A Look at The "Make Em' Laugh" Scene & The Hollywood Musical



 

The Hollywood musical attempts to create a bridge between live performance and the industrial film productions of Hollywood. The sense of engineering in film is masked with bricolage and crafted communities within productions. The churning out of films is made to look more human and folk rather than products removed from the audience. 

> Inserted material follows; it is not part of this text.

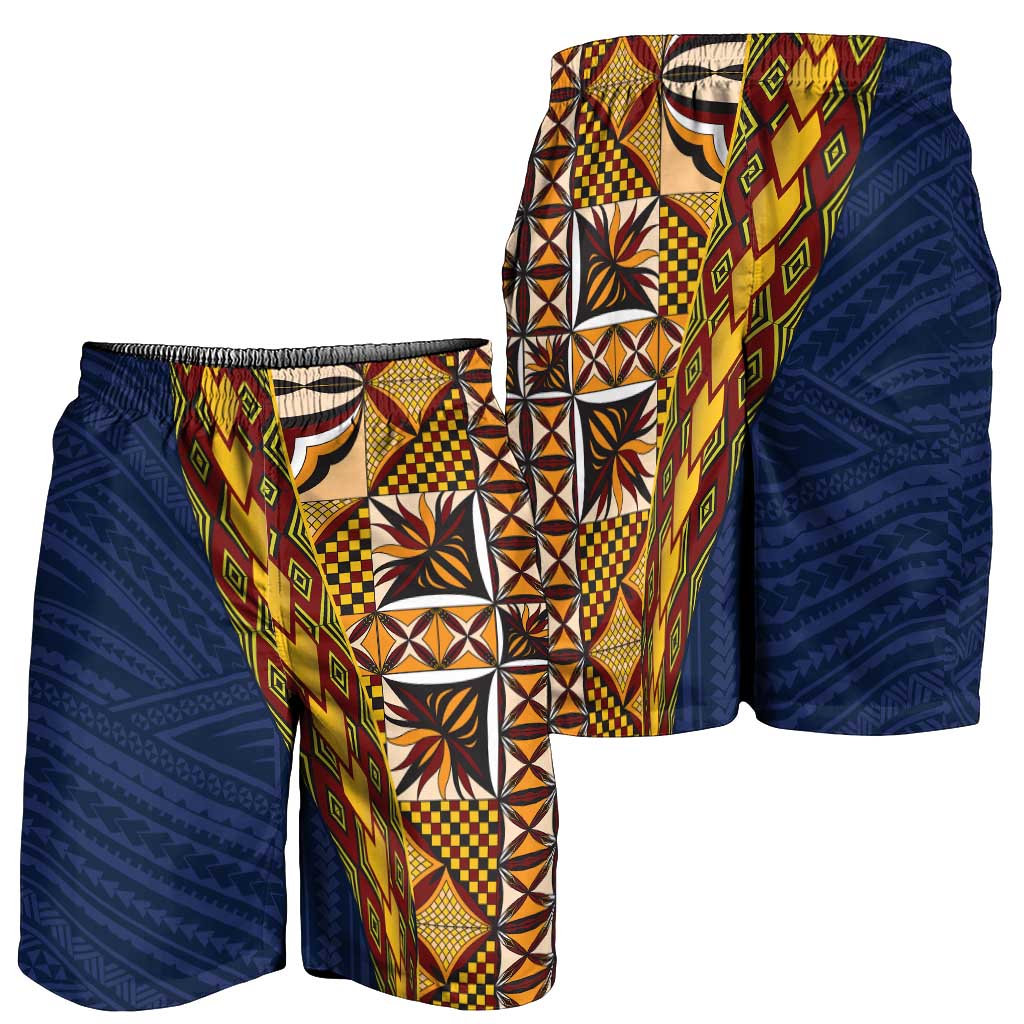 Samoan Siapo Shorts for Men Tatau Pattern Half Style LT03 - Polynesian Pride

With these points in mind, I want to look at one particular scene in Singing in The Rain. The "Make 'Em Laugh" number features Cosmo goofily (and incredibly athletically) dancing through a set that is in the middle of being put together. The scene is sparked by a somewhat gloomy Don Lockwood getting cheered up by Cosmo. It is a friend who sees Lockwood and in turn acts to change that--showing human connection. I think that in a way, this gets at that sense of crafted community that the Hollywood musical aimed to create. The fact that Lockwood is an actor is highlighted in this moment but he still shows that he encountered trouble in life. So I think that this may sort of humanize him. Seeing him feeling down while also being marked as an actor helps bridge him into the world of theatre actors where the humanness of the actor is not so far away. 

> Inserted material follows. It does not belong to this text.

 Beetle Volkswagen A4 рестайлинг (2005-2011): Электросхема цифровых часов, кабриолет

                                                
"Make 'Em Laugh" Scene

This scene also features people creating a set--and a very energetic Cosmo. The act of construction is featured, but it is not like the highly industrialized Hollywood productions. The undertaking of construction is moved away from the industrial and into a more human realm. It is people who are moving about and transporting materials--and the goofy cosmo who bumps into them. As he dances through the set, he makes mistakes and falls (but somehow gracefully). The creating of the set is given faces and threaded through with Cosmo's attempt to "make 'em laugh". Production is not a faceless industrialized act in this scene. 




Comments

  1. I really enjoyed the athleticism in these scenes as well. I admire the ability to be doing something so athletic while also being humorous and engaging to the audience. I really like the way that you said the musical crafted communities within the production these scenes felt like a large community and I hadn't thought of that.